One speaker only. The most common trap names a topic that only one speaker addresses. You instinctively think "that's what they're arguing about" because it's in one speaker's argument — but if the other speaker never takes a position, it is not a point at issue.

Too broad. An answer that covers more ground than the dialogue actually addresses. If Alicia and Bernard argue about whether a specific policy will work, the answer "whether government policies can ever achieve their stated goals" is too broad — neither speaker staked out that sweeping a position.

Partially correct. An answer where one part is accurate but the other isn't. Read both speakers against the entire answer before committing.

The right answer often sounds slightly more abstract than either speaker's specific words. The test writers paraphrase to avoid giving away the answer by matching a speaker's exact language.

When the speakers seem to agree

Occasionally the two speakers share a premise but draw different conclusions from it.
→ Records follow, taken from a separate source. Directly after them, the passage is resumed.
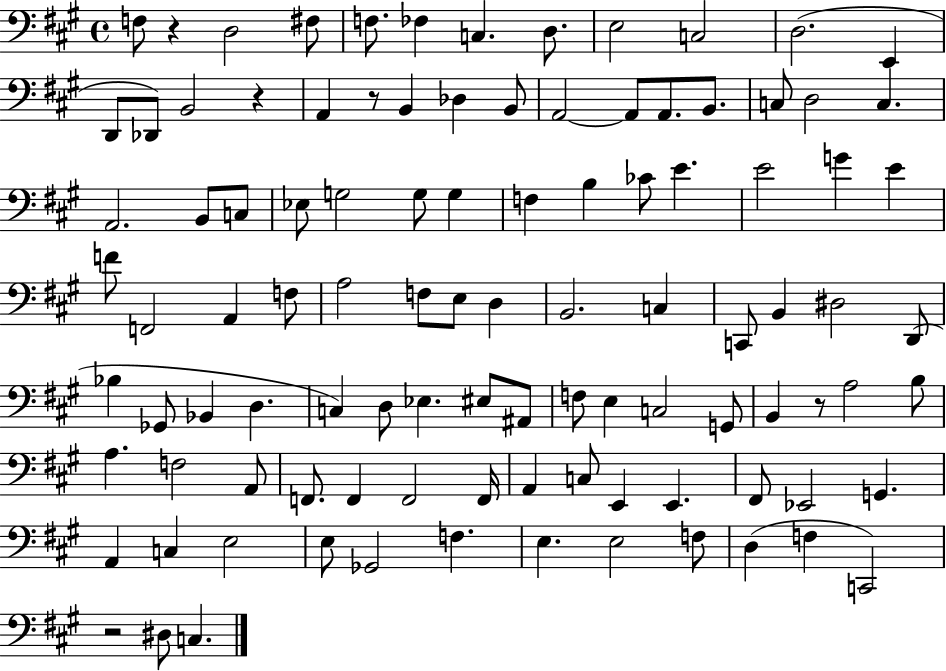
X:1
T:Untitled
M:4/4
L:1/4
K:A
F,/2 z D,2 ^F,/2 F,/2 _F, C, D,/2 E,2 C,2 D,2 E,, D,,/2 _D,,/2 B,,2 z A,, z/2 B,, _D, B,,/2 A,,2 A,,/2 A,,/2 B,,/2 C,/2 D,2 C, A,,2 B,,/2 C,/2 _E,/2 G,2 G,/2 G, F, B, _C/2 E E2 G E F/2 F,,2 A,, F,/2 A,2 F,/2 E,/2 D, B,,2 C, C,,/2 B,, ^D,2 D,,/2 _B, _G,,/2 _B,, D, C, D,/2 _E, ^E,/2 ^A,,/2 F,/2 E, C,2 G,,/2 B,, z/2 A,2 B,/2 A, F,2 A,,/2 F,,/2 F,, F,,2 F,,/4 A,, C,/2 E,, E,, ^F,,/2 _E,,2 G,, A,, C, E,2 E,/2 _G,,2 F, E, E,2 F,/2 D, F, C,,2 z2 ^D,/2 C,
This creates a subtle disagreement. Your job stays the same: find what one affirms and the other denies.

Sometimes the stimuli involve a speaker responding to an implied third-party claim rather than directly to each other. In those cases, find what each speaker would say if asked about the answer directly. The two-speaker test still works — you're just projecting both speakers' positions onto the answer.

How this connects to your LSAT prep

Point at issue is closely related to strengthen and weaken questions. Once you can precisely identify what two speakers disagree about, you can immediately spot which premises support or undermine which conclusions. The skill of isolating the exact claim in dispute is the same muscle.

Verbloom's practice questions drill this targeted isolation — you get immediate feedback not just on right vs. wrong, but on which part of your reasoning went off track. That precision makes the two-speaker test a habit rather than a deliberate step.

Frequently asked questions

How many point at issue questions appear on the LSAT?

Typically 1–3 per test. They're not the most frequent question type, but they're predictable enough that a clear method pays off every time one appears.

Is point at issue the same as 'method of reasoning'?

No. Method of reasoning asks how a speaker argues; point at issue asks what two speakers disagree about. Both involve two-speaker dialogues sometimes, but the task is different.

What if I can't tell what the second speaker is claiming?

Slow down and read for the conclusion of each speaker's argument. Every point at issue stimulus has two arguments, each with a conclusion. The disagreement will be about (or follow directly from) those conclusions.

Do both speakers always directly contradict each other?

Not always. Sometimes one speaker argues from different premises to a conclusion that implies disagreement with the other. The two-speaker test handles this: you're asking what each would affirm or deny, not just what they literally said.